Shenzi's staying a hyena. I'm just changing her name so people won't go "OMG LION KING". It can be spelled either Shenzi or Shenzy, though. Whatever convenient. 

She also has glasses but that's not what I'm here to say. 

Shenzi/y has a "companion" now. She's a no-named lioness. I'm thinking of names, so here's a few examples. 
Parvana (Iranian for "Star")
Fang
Emily/Emmy
Rezzy (Playing around with MMORPG-speak XD)
Ooma (more MMORPG speak)
Audri (Variation of a friend's name)
Yana or Yeva (If I do this she will be a Russian lioness )
Zaza (randomly made)

Feel free to suggest more, she needs a name. T.T


----------



## Nevarous (Oct 31, 2008)

This happens more then most people think and I love to hand out different odd names.

Saya (Spoken: Say-a)

Bess

Alythia (Spoken: A-lith-ia)

Bane

Daylean (Spoken: Day-leen)

Oversa (Spoken: O-ver-sa)

Fallin (Spoken: Fall-in)

Welsa (Spoken: Wel-sa)

Nancey...(RANDOM!!!)


----------



## Gavrill (Oct 31, 2008)

I really like Alythia. And Bane. 

Oh, I should probably mention her personality.
She's carefree, fun-loving, naive, unpredictable, curious, and spacey.


----------



## Kingman (Nov 1, 2008)

Sehkmet
Bast
Sheeba
Veronica
Christen
Heather

Any of those help?


----------



## Gavrill (Nov 1, 2008)

I love the name Heather. I'm sure there's a ton of Lionesses named Sehkmet, but Heather...I like that.

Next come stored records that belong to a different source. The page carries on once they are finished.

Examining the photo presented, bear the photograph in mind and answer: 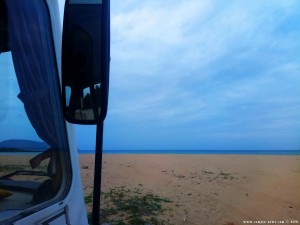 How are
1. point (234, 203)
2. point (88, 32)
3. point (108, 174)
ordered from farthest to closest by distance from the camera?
point (108, 174) < point (234, 203) < point (88, 32)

Well, it's down to the wire.

Heather, Alythia, or Audri?


----------



## Nevarous (Nov 2, 2008)

If it ever gets a little hard to chose, you can always make a poll.


----------



## Gavrill (Nov 2, 2008)

I've decided on Audri. But now I don't know if I'm keeping her a lion! X3


----------